By now I hope it's clear that I have no idea what the stock market did this week, or is doing, or will do. But when we are talking about the stock market, what we are talking about is how 35 percent of working-age Americans, according to the Census Bureau, have money in 401(k)s or similar accounts (18 percent have IRAs, and about 14 percent have pensions), and how each of us walked into an HR office at one point believing that we were holding up our end of the bargain. And how each of us saw this week that we might be in charge of our own destinies, but our destinies could explode if one man decided to roll out of bed and declare 145 percent tariffs on China.
There's no bargain there. Not in any sense of the word. There are only the expectations of progress we have been trained to have in this country.

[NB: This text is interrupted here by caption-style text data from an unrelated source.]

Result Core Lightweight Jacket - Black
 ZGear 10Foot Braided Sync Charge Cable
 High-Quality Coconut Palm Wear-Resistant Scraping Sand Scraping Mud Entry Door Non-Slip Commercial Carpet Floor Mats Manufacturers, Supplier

That stock markets would rebound, that things would be better for our kids. Three percent better, maybe, with a 100 percent match.
I've also found myself thinking a lot about Florence Thompson this week. In 1936, Thompson was a mother of seven, following crop patterns along the West Coast, as her family eked out a living picking their way through those fields. Outside a pea farm in California, the car broke down and Thompson and her children set up a temporary camp, while Thompson's partner set out to acquire what was needed to get them back on the road again.
They stayed awhile, days or weeks, and at one point a photographer named Dorothea Lange stopped by and asked to take Thompson's photograph, and those images — Thompson nursing one rag-clad child, two others burying their faces in her shoulders, Thompson's hand grazing her chin as she stares out into bleakness and dust — those images became the defining portraits of the Great Depression, a time that nobody would aspire to return to.
The first Social Security payments hadn't been doled out when those photos were taken. They would happen the following year. Medicaid arrived in 1965. Section Eight housing came in 1974. 401(k)s came in 1978. All of those changes would be within Thompson's lifetime. I wonder whether she understood, then, that things would get better, that the country would try really hard to figure out how to provide for its struggling residents.
There's a rocking chair in one of the images. If you're familiar with only the most famous portrait, a close-up, you might not have realized that. But if you look at the whole set of pictures, you'll see: Thompson and her children are sitting in a three-sided tent, and there are wooden crates and a few steamer trunks, and in front of all of it there's an intricate rocking chair.
I think about the possibility that Florence Thompson packed up that rocking chair every time she and her children moved. How cumbersome it would have been. How impractical. But how she took it with her anyway, a promise for a better future. The best she could do, everything she had in the world.